Il y a des réveils difficiles. Après la victoire du Brexit, la gauche n’en finit pas de ruminer ses aigreurs. Le Brexit serait une victoire de la droite xénophobe et antisociale.
<< Le problème est que le Brexit était porté par des forces politiques ultralibérales qui n’ont aucune intention de rompre avec ces politiques antisociales, mais entendent les amplifier. >>
Philippe Marlière, politologue, fondateur du Club des socialistes affligés, membre de ce qui reste du Front de gauche, n’a pas tort.
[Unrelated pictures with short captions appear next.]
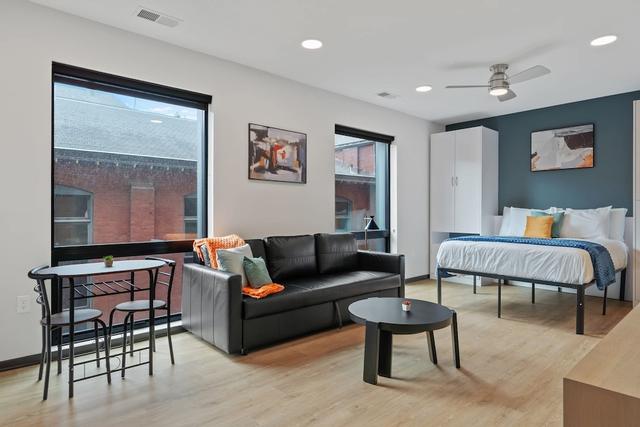 كوزي سويتس ماس د ي باركينج لاونج روف ديك 30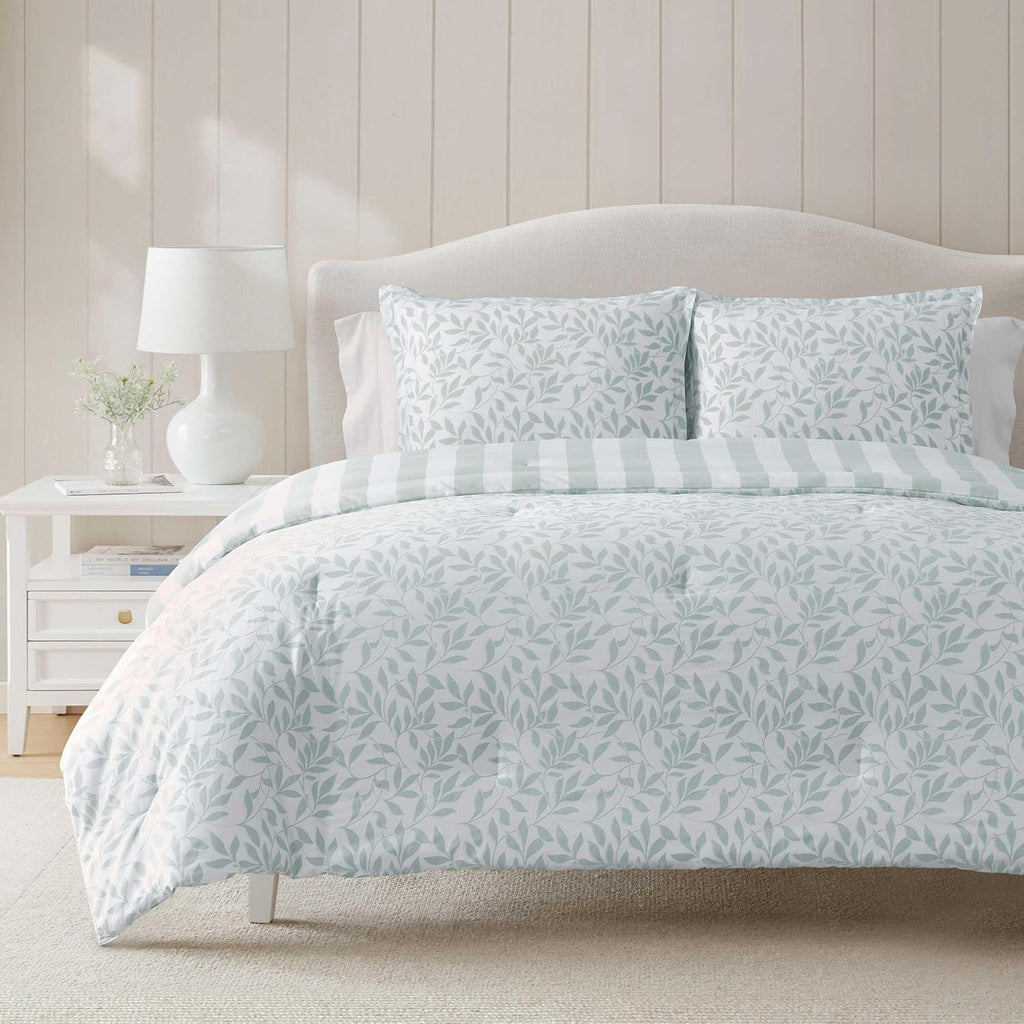Martha Stewart - King Duvet Cover Set, 100% Naturally Soft & Breathable Cotton Bedding, Lightweight for Year Round Comfort, 3 Piece Bed Set with Matching Pillowcases (Copper Vines Blue)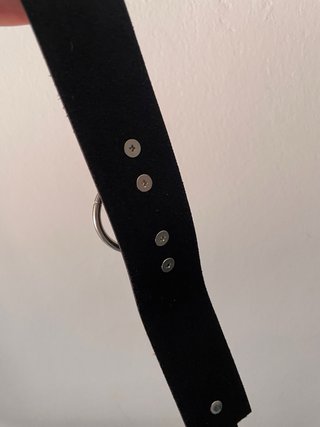 Gargantilla negra con aro plateado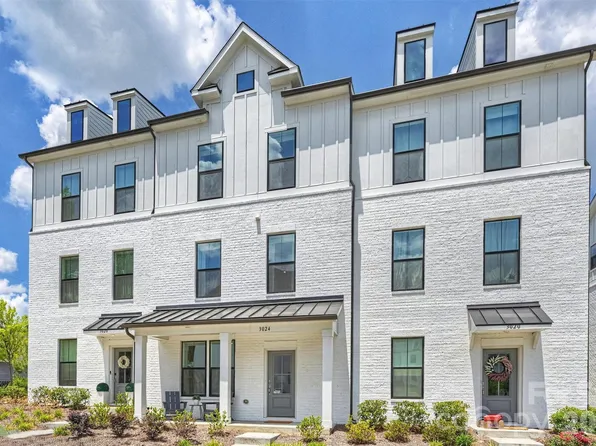 3024 Red Cardinal Ln, Charlotte, NC 28211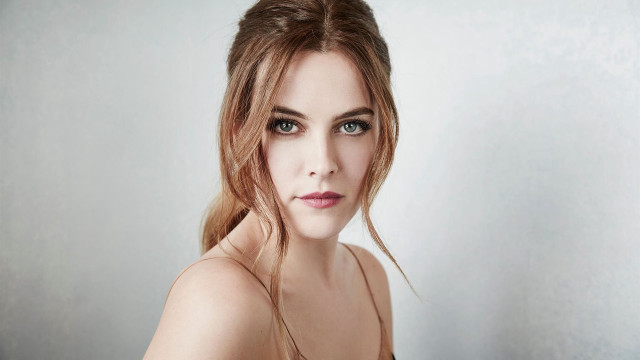 Leesha hannigan ponytail brown dress free wallpaper for desktop - medium preview image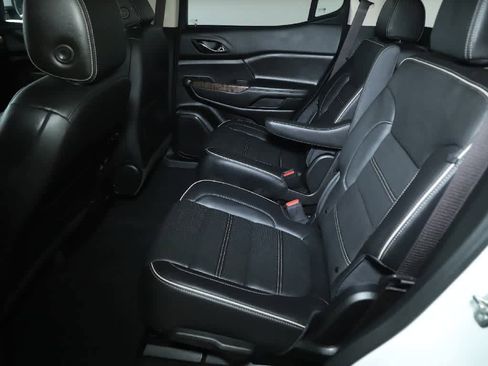 Used 2023 GMC Acadia Denali w/ Denali Ultimate Package image 14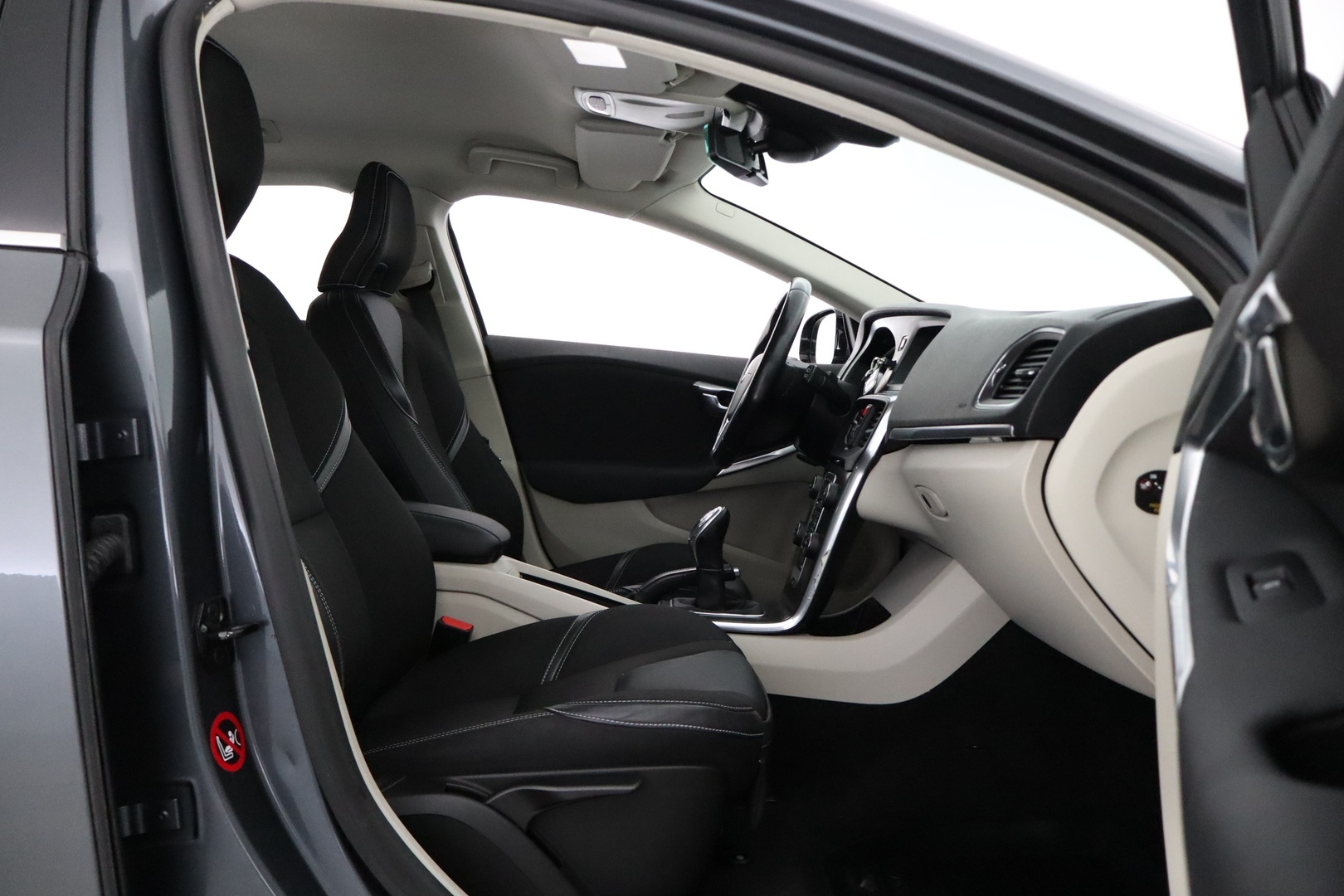 VOLVO V40 2013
Sauf que si la droite la plus extrême profite aujourd’hui de la victoire du Brexit, c’est parce que la gauche — je veux dire, la vraie — la lui a abandonnée sans combattre !
Désertion
En France, les derniers portes-parole de la gauche « noniste » lors du référendum 2005 se sont comme évanouis dans la nature. Même Jean-Luc Mélenchon ne parvient pas vraiment à se décider à la rupture, laissant encore planer l’idée d’un changement possible de l’intérieur :
<< L’Union européenne, on la change ou on la quitte. >>
En Grande-Bretagne, Jeremy Corbyn, nouveau leader du Labour, pourtant très eurosceptique, s’est réfugié dans un silence penaud durant toute la campagne. Qui ne dit mot consent.
Et ceux qui parlaient encore n’en finissaient pas de frémir sur les dangers d’une Europe des nations forcément xénophobe, de gloser sur le mirage pourtant archi-éventé d’une Europe sociale à construire. Ceux-là, ce matin, n’ont plus que leurs yeux pour pleurer et déplorer. Philippe Marlière :
<< Ce vote ne va aucunement améliorer la situation de la classe ouvrière. Il ne peut que l’aggraver. La social-démocratie ralliée à cette voie antisociale depuis plusieurs décennies, porte une responsabilité écrasante. Le Parti travailliste, lâché par ses électeurs populaires, est dans une situation difficile. >>
Accuser la seule social-démocratie est un peu court. Car non, ce n’est pas la classe ouvrière qui a déserté la gauche, toute la gauche, mais l’inverse.